AISASの時代は終わっていない
さて、昨今のソーシャルメディアの台頭により、SIPS(共感する→確認する→参加する→共有・拡散する)という新たな消費者行動モデルが提言されているが、これによって既存のAISASモデル(注意→関心→検索→購買→共有)は不要になってしまうのだろうか。
「『SIPSはあくまでもソーシャルメディアが十分に浸透した時点での、ソーシャルメディアに関与が深い生活者の行動モデルの考え方であり、AISASにとってかわるモデルではない』とあるように、ソーシャルメディアは消費者のメディア関与が一般化したに過ぎない。購買検討プロセスの各段階をつなぐ『検索』の役割が持つ重要性は変わらない」と西谷氏は状況を整理。

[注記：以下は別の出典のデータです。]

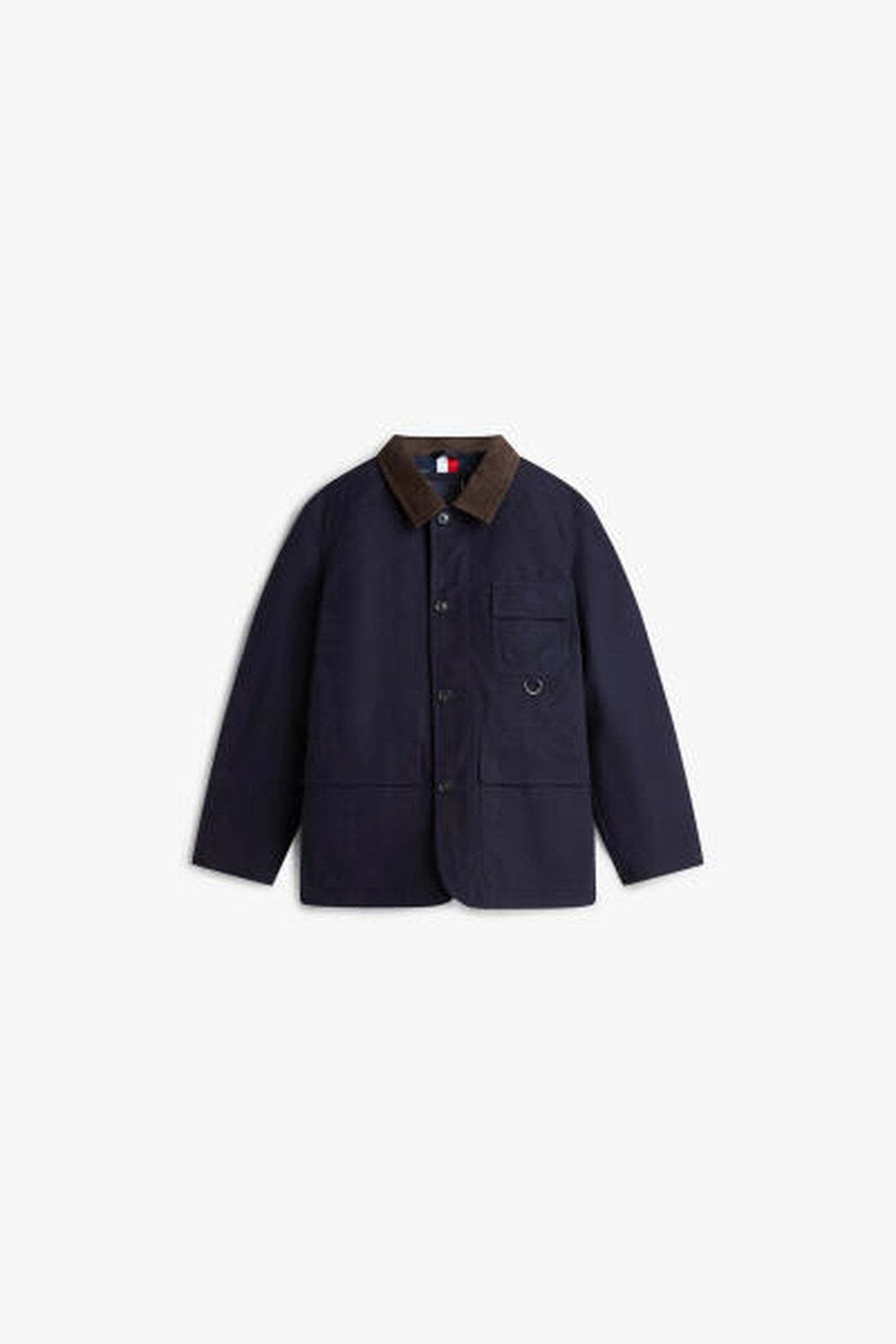 WAXED BARN JACKET DESERT SKY 2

これまでに紹介した資料からもわかる通り、検索総数が増加傾向にあることを見ても、検索の重要性は変わらないと言えるだろう。
マルチデバイス時代に適した広告運用
それらの状況から、連動検索連動型広告に対する企業からの注目度はさらに高まっていくのではないかと推測できるが、今後の検索連動型広告を運用する際のポイントについて、西谷氏は次のように語っている。
「デバイスごとに、ユーザーの特性は異なっている。現状を把握した上で、自社が注力すべきデバイスに合わせて、正しい仮説のもと、運用を行うべきである」。

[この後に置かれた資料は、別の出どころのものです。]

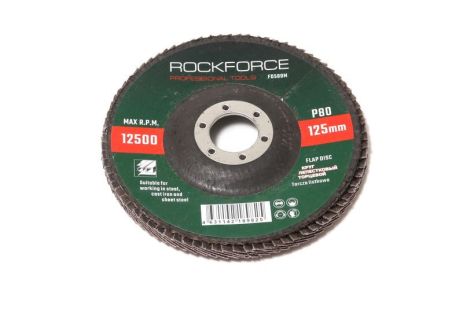 Круг лепестковый торцевой 115х22мм P40 ROCKFORCE RF-FD440M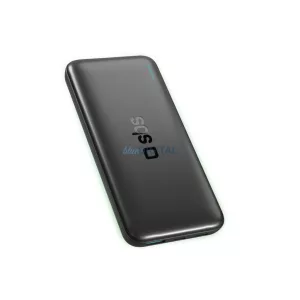 SBS Infinity Power Bank 10000mAh 10W LiFePo USB-A USB-C - Fekete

このグラフは、検索数の上位5,000キーワードをカテゴリに分類した上で、どのカテゴリの検索数が多いのかをデバイスごとに比較したものである。このグラフの状況から、西谷氏は「デバイスによって『検索されやすいカテゴリ』というものが存在する。ただし、PC・モバイル・スマートフォンでは、圧倒的にPCの検索ボリュームが大きく、全体のインパクトを踏まえた上で、対策を講じてもらいたい」とアドバイスを贈る。
また、検索連動型広告の出稿の際に気になるポイントが、入札キーワードの選定である。1単語のビッグワードだけでよいのか、複数の単語を組み合わせたスモールワードを多く入札すべきか、頭を悩ませる担当者も多いのではないだろうか。
西谷氏によると、モバイルでは圧倒的に1語で検索される割合が多いが、スマートフォンは2語、3語の複合キーワードで検索される割合が、PCよりも多いという。つまり、スマートフォンユーザーを意識した入札を行う場合は、1語のキーワードだけでは不十分と言えよう。
最後に西谷氏は、検索単語数や検索カテゴリだけでなく、検索が行われる時間帯さえもデバイスごとに異なることを指摘し、「新しいデバイスの対策を検討する際に、正しい情報を元に現状を理解した上で、仮説を持って施策を講じてもらいたい」と、講演を締めくくった。